Take the entries below and reproduce exactly the portion that begins at the line containing "Van Cleef & Arpels スウィートアルハンブラ　ネックレスのサムネイル" and ends at the line containing "Toyota RAV4 20 of 30", keeping both ends, dropping pictures, and adding nothing else.

Provided material:
= = = = = = =

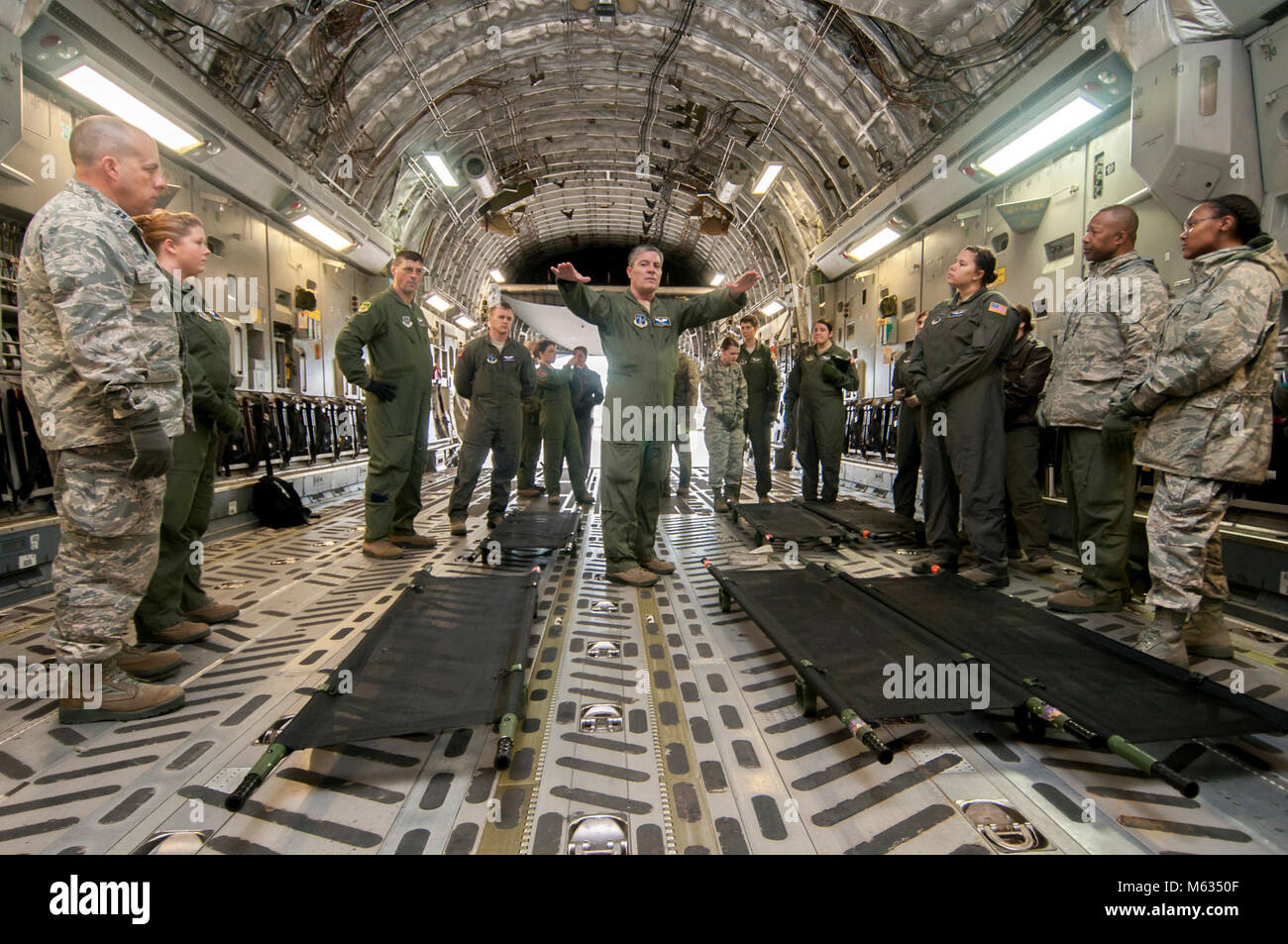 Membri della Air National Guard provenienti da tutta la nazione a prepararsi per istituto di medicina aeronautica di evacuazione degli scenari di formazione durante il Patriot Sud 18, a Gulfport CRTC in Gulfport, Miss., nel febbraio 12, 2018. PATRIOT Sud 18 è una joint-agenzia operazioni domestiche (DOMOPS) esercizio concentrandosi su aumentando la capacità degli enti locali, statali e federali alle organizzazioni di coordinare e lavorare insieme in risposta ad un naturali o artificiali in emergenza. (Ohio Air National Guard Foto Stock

= = = = = = =

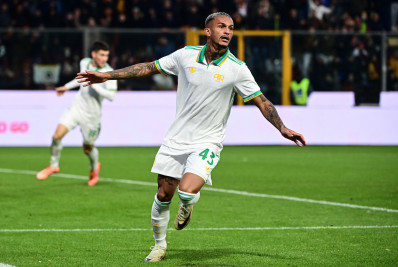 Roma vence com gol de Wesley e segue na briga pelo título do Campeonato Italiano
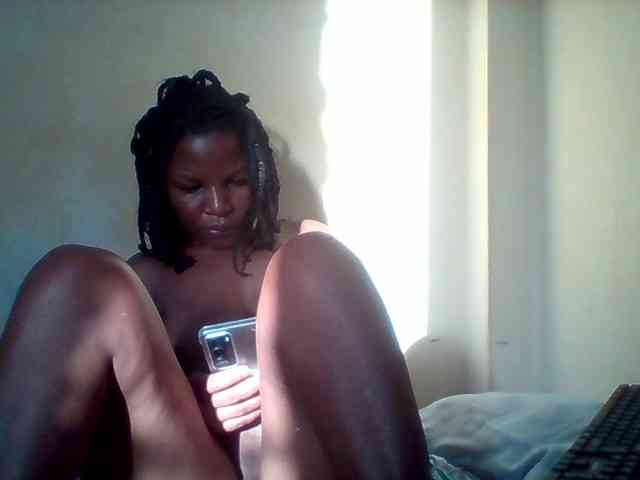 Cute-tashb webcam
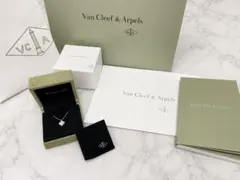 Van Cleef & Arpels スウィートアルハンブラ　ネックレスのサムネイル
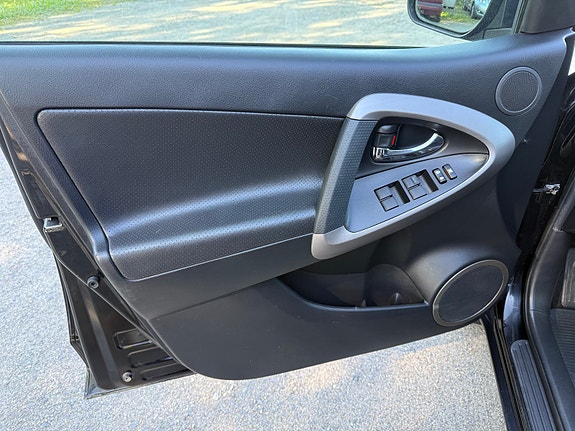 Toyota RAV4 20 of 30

= = = = = = =

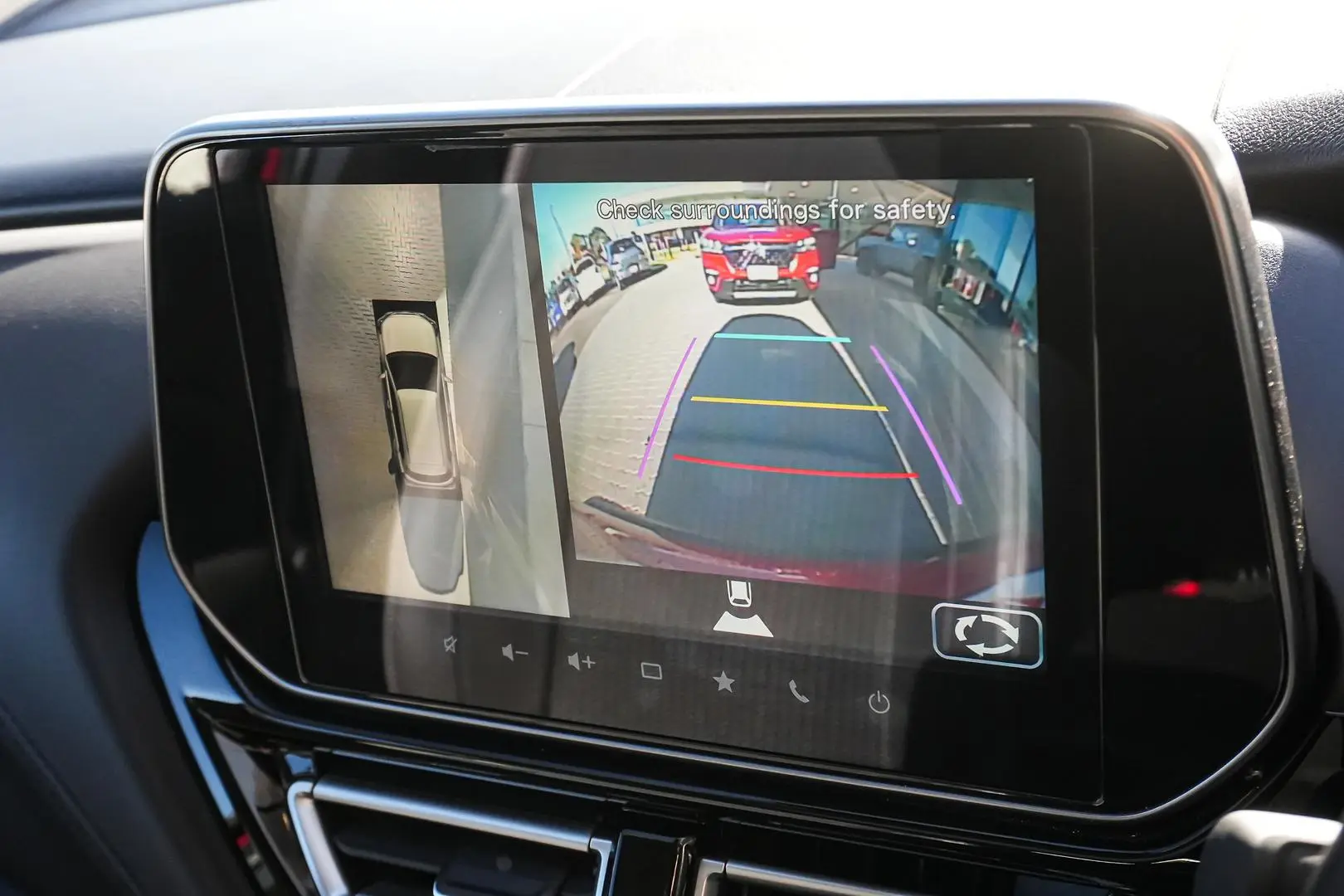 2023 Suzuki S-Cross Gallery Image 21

= = = = = = =

Your response:
 Van Cleef & Arpels スウィートアルハンブラ　ネックレスのサムネイル
 Toyota RAV4 20 of 30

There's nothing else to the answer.